The main character, Hazel, is a highly unlikeable young man who suffers from a sort of religious mania, but he doesn't want there to be a Jesus, so, working against his own conscience and destroying himself in the process, he starts a church without a church and spends his incredibly miserable life trying to convince himself and others that Jesus Christ doesn't exist. He encounters some of the saddest, most disagreeable characters along the way, including a con artist/preacher of sorts and his damaged daughter, as well as a depressive young lunatic named Enoch, whose sole purpose and highest honor in life, apparently, is to own his own gorilla suit (I think).
Everybody in this novel sucks: the waitresses, the cops, the landlady, the security guard at the zoo, you name it. There's not a single redeeming character in the mix.

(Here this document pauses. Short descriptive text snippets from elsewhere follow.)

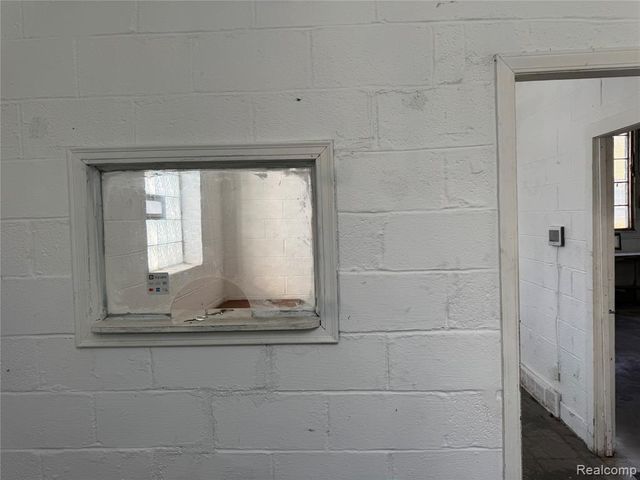 18564 Fitzpatrick Court, Detroit, MI 48228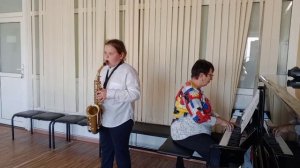 Тамбурин Ж.Ф.Рамо
Романс С.В.Рахманинов
Исполняет Куличева Диана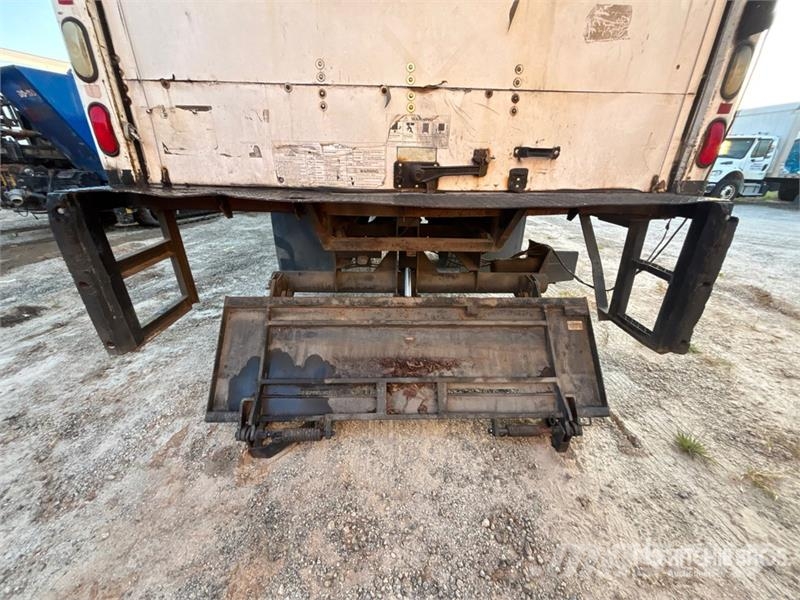 Freightliner M2 106 4x2 Van Truck (Inoperable) Kofferaufbau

Nevertheless, this novel is interesting--like a train wreck or a house fire or a pile up on I-10.
Perhaps the following quote from chapter 10 about sums things up: "Where you come from is gone, and where you thought you were going to never was there, and where you are is no good unless you can get away from it."
I'm sure literary critics have had a field day with this one, and rightfully so. It's an interesting novel about deeply flawed human beings, and the first thing I wanted to do when I turned the final page is take a shower.
SIDEBAR: Apparently John Huston made a film version, which may well the greatest movie ever made, but not much could persuade me to watch it.